Aww hell. I'm going to add a second post. I guess I'm partly writing this for Leela, but also partly I'm just trying to hash out what I need to do with my new forum.
So. I ran contests on my successful site. I haven't had to do one in months. However, back in March through July, as the forum was getting started, I held monthly contests. I kept the prize money low, and distributed the wealth. Instead of 1 $200 prize, I would do 1 $100 prize, 2 $25 second-place prizes, and 5 $10 third place prizes. Same cost, but more people came away happy. And the first place prize was still OK.
With my Narnia forums, I want to get dossiers of each actor in the movie. I may offer a $10 bounty for each dossier-like post that I can use. I may also just have a post-count battle. Those can go sour, as people are encouraged to write 1-word puff posts. But there might be ways to make it work.
Also, if you have merchandise with your logo & URL on it, give some of it away. It's free advertising.
Back when I started my forum, I pushed my family & friends to create accounts & post. That was helpful. It's important at the beginning.
I agree with those who say you should only have a few forum areas to start with. On my good site, I had about 20 sections at first. But they were eeeeeeeemmmpty. I started consolidating. I got down to 9, so that each had some reasonable traffic. Now I think I'm up to 11 or 12, driven by demand. It would have been wiser to just start with 7 or 8 sections and grow.
You need to contact other sites. I was very afraid of this, because I didn't want to come off as a spammer. I thought that writing "hey, please link to me" would be in poor form. So I started adding reasons to email people. Here's an example that I'm working on right now. Although my site (the successful one) is called "Publisher Database," most publishers don't know about it. The site is community-driven, I don't
need the publishers to be present. However, I could use their good word-of-mouth. So I'm building a news section where they can post calls-for-entries and announce reading periods and so on. I will then email them to tell them about the site and the feature they might want to use. I haven't figured out how to email people about my Narnia site yet, but I'm working on it. I do have the "email me if someone replies to my post" option enabled by default, so members do get email. It's a start.
I did do
PR Web for press releases. Didn't get me much publicity, but at the $80 level, it did generate some traffic for my site.
Similar to posting in forums, I added comments to blogs that were related to my area of expertise. Depending upon the blog and how good your comment is, that can gain you nothing to hundreds of visitors.

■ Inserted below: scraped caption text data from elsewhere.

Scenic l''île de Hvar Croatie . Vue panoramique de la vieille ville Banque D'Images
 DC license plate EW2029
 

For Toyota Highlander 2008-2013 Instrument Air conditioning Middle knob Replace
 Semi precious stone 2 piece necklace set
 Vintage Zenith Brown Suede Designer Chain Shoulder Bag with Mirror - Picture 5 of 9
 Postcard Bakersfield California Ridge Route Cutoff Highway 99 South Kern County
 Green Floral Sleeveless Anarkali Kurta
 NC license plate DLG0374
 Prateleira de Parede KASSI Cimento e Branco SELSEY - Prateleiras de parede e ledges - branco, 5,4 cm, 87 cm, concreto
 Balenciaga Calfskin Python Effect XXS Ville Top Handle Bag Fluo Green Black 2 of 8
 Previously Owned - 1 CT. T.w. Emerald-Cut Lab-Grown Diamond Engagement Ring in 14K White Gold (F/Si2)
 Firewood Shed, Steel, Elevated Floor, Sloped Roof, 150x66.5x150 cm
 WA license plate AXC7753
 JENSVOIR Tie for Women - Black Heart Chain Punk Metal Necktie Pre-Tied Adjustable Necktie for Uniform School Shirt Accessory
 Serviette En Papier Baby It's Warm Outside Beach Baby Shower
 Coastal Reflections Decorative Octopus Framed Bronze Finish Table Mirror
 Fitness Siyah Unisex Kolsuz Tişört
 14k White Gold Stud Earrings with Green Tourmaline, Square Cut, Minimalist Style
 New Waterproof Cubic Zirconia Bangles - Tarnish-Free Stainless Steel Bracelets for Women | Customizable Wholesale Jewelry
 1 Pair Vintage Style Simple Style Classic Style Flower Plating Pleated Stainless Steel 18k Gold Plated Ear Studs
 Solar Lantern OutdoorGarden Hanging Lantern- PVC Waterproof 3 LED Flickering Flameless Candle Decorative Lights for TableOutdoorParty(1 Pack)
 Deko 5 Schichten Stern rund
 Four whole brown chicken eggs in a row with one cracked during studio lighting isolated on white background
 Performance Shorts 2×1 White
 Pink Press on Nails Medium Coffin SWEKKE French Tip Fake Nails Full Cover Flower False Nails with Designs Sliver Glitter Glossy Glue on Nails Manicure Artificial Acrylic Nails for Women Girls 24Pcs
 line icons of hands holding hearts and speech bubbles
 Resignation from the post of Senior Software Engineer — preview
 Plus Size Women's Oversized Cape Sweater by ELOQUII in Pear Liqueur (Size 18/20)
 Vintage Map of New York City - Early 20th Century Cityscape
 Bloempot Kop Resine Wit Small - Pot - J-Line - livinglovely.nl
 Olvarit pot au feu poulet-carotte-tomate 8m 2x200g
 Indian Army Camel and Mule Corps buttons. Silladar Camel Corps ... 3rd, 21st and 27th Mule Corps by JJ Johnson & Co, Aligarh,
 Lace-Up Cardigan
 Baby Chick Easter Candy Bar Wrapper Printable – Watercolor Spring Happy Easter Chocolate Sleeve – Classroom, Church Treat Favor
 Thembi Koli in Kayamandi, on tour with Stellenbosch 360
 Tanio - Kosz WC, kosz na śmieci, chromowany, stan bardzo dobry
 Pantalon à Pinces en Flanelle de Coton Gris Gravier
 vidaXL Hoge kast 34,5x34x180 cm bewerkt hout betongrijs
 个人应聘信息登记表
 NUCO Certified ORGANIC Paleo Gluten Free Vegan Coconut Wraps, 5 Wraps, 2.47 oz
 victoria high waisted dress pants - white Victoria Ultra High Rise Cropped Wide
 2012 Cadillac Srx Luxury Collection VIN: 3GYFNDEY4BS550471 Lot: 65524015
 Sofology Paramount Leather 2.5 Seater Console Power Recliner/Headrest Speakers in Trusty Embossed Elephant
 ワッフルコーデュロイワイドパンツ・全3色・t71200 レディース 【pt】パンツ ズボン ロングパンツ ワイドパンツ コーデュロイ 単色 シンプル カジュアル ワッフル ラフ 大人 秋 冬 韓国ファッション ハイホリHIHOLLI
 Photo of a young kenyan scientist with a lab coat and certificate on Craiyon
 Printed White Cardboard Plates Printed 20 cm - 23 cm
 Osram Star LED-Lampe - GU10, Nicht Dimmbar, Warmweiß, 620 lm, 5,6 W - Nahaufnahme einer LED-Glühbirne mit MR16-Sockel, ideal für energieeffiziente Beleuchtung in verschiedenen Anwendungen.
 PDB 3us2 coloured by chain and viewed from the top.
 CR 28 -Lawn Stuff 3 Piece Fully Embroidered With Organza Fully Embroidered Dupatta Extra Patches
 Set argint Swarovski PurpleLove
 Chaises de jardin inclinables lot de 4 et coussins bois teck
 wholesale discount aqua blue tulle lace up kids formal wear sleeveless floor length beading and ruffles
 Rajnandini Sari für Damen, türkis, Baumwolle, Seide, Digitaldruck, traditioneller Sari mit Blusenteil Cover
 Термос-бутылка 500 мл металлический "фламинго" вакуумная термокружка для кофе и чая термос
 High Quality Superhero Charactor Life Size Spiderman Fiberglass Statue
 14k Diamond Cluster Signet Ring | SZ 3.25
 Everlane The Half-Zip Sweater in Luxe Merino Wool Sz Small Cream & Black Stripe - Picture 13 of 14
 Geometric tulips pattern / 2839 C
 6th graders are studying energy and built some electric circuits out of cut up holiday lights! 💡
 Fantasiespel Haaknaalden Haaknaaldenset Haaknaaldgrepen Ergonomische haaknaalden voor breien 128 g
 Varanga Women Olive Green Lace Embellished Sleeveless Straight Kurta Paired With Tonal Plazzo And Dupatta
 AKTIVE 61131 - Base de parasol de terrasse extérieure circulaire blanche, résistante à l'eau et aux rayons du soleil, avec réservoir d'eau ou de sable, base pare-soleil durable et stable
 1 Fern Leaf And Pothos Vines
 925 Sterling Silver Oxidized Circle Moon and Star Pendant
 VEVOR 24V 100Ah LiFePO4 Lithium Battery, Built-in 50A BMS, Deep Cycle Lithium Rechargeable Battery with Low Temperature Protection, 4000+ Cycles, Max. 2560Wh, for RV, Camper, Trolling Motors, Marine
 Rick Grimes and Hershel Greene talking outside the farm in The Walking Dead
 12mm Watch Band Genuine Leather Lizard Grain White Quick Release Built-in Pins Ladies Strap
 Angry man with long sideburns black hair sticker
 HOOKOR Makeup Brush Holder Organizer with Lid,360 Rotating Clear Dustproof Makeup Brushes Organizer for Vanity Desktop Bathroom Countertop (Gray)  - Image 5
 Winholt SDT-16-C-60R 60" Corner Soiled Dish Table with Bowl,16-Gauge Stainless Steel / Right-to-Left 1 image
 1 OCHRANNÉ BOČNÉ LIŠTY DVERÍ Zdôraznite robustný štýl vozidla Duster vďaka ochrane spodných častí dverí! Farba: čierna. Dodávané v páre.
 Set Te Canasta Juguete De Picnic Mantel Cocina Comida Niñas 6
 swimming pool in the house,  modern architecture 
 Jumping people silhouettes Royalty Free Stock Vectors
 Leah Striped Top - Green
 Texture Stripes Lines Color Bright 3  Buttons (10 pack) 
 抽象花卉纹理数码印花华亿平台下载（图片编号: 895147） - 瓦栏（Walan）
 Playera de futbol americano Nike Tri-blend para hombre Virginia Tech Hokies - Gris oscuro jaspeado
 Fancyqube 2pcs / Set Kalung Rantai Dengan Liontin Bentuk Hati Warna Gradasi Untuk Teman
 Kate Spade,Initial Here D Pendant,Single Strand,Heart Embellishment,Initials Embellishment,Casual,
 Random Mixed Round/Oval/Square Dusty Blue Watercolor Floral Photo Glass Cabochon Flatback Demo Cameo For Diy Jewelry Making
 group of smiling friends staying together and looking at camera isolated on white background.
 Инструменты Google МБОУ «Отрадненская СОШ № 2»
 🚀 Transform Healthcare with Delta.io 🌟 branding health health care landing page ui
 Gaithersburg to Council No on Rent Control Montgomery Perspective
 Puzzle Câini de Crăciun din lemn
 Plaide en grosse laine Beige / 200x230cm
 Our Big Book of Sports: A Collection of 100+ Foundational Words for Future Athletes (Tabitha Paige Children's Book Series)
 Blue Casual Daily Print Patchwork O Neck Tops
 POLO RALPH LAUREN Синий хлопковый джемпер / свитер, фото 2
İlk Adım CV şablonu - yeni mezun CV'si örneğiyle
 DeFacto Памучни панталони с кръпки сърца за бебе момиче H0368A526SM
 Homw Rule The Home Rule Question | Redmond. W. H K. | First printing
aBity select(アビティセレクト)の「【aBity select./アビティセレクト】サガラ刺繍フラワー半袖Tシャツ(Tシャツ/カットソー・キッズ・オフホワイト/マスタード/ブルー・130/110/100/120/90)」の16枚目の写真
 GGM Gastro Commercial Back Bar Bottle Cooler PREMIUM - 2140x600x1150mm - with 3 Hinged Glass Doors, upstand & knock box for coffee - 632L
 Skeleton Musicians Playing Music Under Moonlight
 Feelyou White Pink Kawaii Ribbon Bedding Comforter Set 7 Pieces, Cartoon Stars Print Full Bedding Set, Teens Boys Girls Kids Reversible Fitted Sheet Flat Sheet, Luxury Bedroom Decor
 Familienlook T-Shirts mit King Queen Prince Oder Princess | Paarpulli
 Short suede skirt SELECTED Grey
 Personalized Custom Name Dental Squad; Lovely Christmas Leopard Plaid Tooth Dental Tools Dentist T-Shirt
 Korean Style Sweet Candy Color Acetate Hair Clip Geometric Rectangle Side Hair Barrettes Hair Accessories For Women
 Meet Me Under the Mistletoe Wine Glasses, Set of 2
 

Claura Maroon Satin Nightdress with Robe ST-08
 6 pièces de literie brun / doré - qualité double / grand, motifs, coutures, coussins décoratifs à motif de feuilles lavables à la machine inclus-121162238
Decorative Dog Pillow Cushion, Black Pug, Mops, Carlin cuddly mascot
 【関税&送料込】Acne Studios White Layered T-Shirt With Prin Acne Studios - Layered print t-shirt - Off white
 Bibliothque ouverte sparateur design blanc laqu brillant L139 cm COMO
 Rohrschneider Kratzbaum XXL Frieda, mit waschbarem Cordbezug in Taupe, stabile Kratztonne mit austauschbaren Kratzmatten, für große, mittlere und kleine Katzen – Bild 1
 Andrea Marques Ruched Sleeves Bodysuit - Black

OK. My brain is winding down. Last tip. Consider seriously the usability of your forum. I went a bit farther than most do. Over at my personal site, I created and gave away a handful of
phpBB mods that helped fix usability problems. Here are the places people trip-up. First, they balk at a too-big membership form. Try to keep it short at first, with options to expand it later. In the case of VBulletin, I think it's OK out of the box. With phpBB, you can install a "simple registration" mod to shorten the registration form down to bare essentials (I have done this). Second, people constantly need to be reminded of their activiation keys & passwords. You must have links for this ("forgot my password," "resend activation email"), right by the login area. Mine didn't. I lost about 350 members thanks to that. I didn't realize it was an issue until I had about 1500 members. My database was packed with accounts that had been abandoned mid-registration, and most accounts had been that way for months. I emailed them all friendly reminders, but for most, it was too late. Their email accounts were dead, or they had found another forum, or they just didn't care anymore. Make sure people can fix their own login issues right away, if at all possible. You'll retain more of them that way.
OK, that's my brain dump. Those are all the things I did to get or retain members.